|Published:||Jul 28, 2011 8:47 PM EDT|
|Updated:||Jul 28, 2011 7:47 PM EDT|
SOMERVILLE, N.J. (AP) - Gov. Chris Christie was "in charge and at work" in a hospital room Thursday following emergency treatment for asthma, his deputy chief of staff said.
The blunt-talking governor, who some Republicans have been trying to persuade to run for president, was taken to the Somerset Medical Center on Thursday morning after he had difficulty breathing.
Christie, who uses an inhaler for asthma and is overweight, was headed to a bill signing when he felt unwell.
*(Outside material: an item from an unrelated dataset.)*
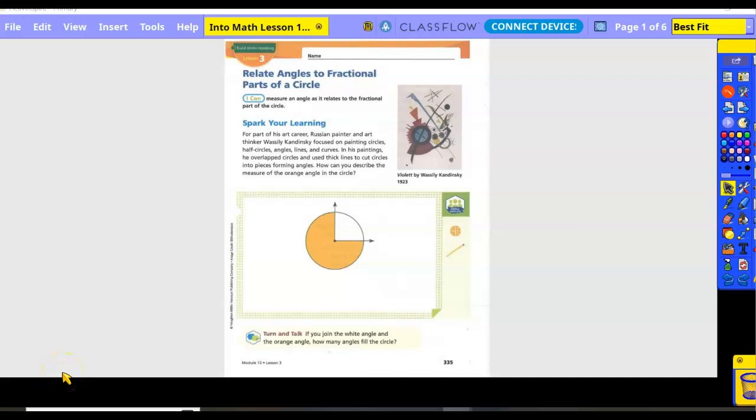We're going into math lesson 13.3: Relate angles to fractional parts of a circle. I can measure an angle as it relates to the fractional part of a circle.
The governor was driven to the hospital by his state police security detail out of an "abundance of caution," gubernatorial spokesman Michael Drewniak said.
The 48-year-old walked into Somerset Medical Center at around 10:30 a.m. and was working from there Thursday afternoon, said Maria Comella, his deputy chief of staff. Christie's EKG, blood work and chest X-ray were normal, and the governor expected to be discharged from the hospital Thursday evening, Comella said.
In a post on Facebook, Christie's brother Todd Christie described the problem as an asthma attack.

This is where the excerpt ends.